Thursday, October 20, 2011

200th anniv. of Finnish Military Academy 20.3.1979


This Cover and the stamp on it were issued on 20.3.1979 to commemorate the 200th anniv. of Finnish Military Academy. The stamp depicts the old school building at Hamina and the Academy flag. The founder of the Academy was Georg Magnus Sprengtporten. Haapaniemi Military Academy was the first army military academy in the entire Kingdom of Sweden. It was founded in May 1781 and destroyed in a fire on March 26, 1818. The history of the Haapaniemi Military Academy includes three distinctive men. Georg Magnus Sprengtporten was the founder of the Academy, but he never became its commandant. He had been one of those to support Gustav III's coup d'état in 1772, but after disagreements with the King he was sent to the backlands of Savo to command the Savo Jaeger Regiment in 1775. By the time Gustav III gave his concession to found the Acadamy in 1779, Sprengtporten had already moved abroad and finally entered into the service of the Russian Empire at the invitation of Empress Catherine II.

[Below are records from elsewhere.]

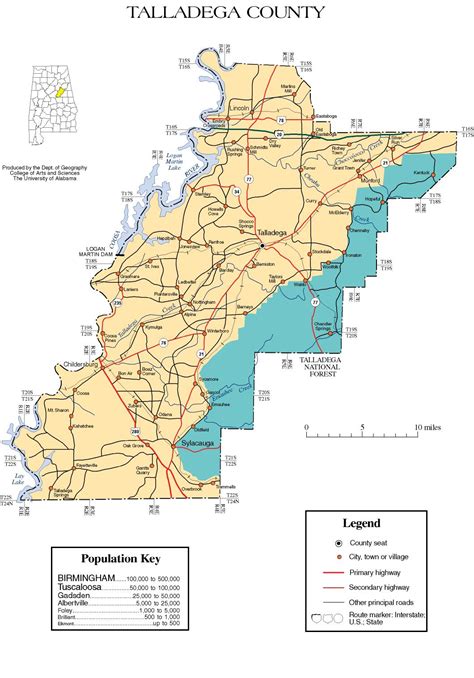 Maps of Talladega County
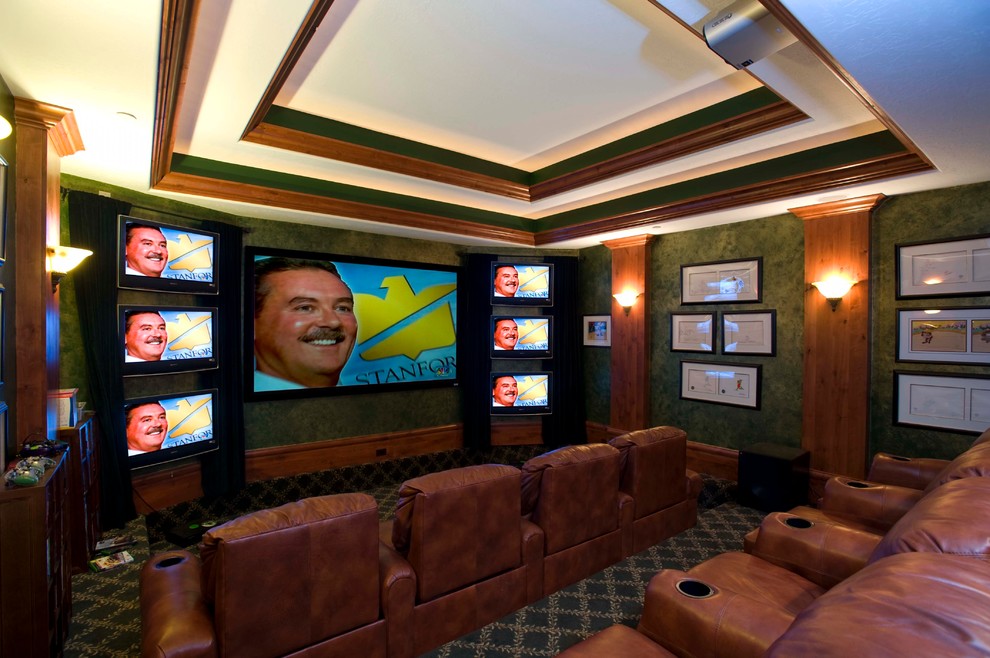 This is an example of a traditional home cinema in Salt Lake City.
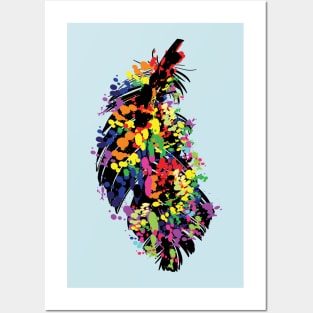 Colorful Peacock Feather Posters and Art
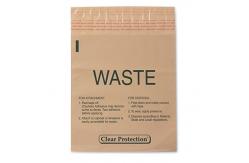 China 9 X10 Inch Disposable Stick On Infectious Waste Bags Peel Stick supplier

Finland Cadet school was the common name for the Fredrikshamn cadet school during the period 1819–1901. The Cadet School was originally founded in 1780 by Georg Magnus Sprengtporten at Kuopio and transferred in 1781 to Rantasalmi where it was called Haapaniemi Cadet School. In 1819, after the School was transferred to Hamina (Swedish: Fredrikshamn) the name was changed accordingly, in common usage. After Finnish independence in 1917 the Cadet school was moved to Santahamina in Helsinki and in 1920 the premises were occupied by the Reserve Officer School of the newly formed Finnish defence forces. Today the main building of the Cadet school hosts the headquarters of the Reserve Officer School of the Finnish Army. Hamina Cadet School was abolished in 1903 with the abolition of the separate Army of the Grand duchy of Finland as part of the Russification policy. The conscription of Finnish soldiers directly to various units of the Russian Empire was seen as illegal and unconstitutional in Finland. Finnish officers protested first in through mass resignations and later through a strategy of disobedience, in what is now known as the Conscription strikes. Finally it was settled that the Grand Duchy of Finland would fulfil its obligation to the common defence with a monetary compensation to the Russian Empire instead through the provision of conscripts.
As an aside it would interest the reader to know that Field Marshal Mannerheim was a cadet at Hamina cadet school. Due to a disciplinary breach he was expelled in his final year in 1886, which caused him to continue his military career in the Imperial Russian Army. It is indeed ironical that Mannerheim after this initial setback in his military carreer was to play such an important and dominant part in Finland’s 20th Century history. My friend Pia sent me this card.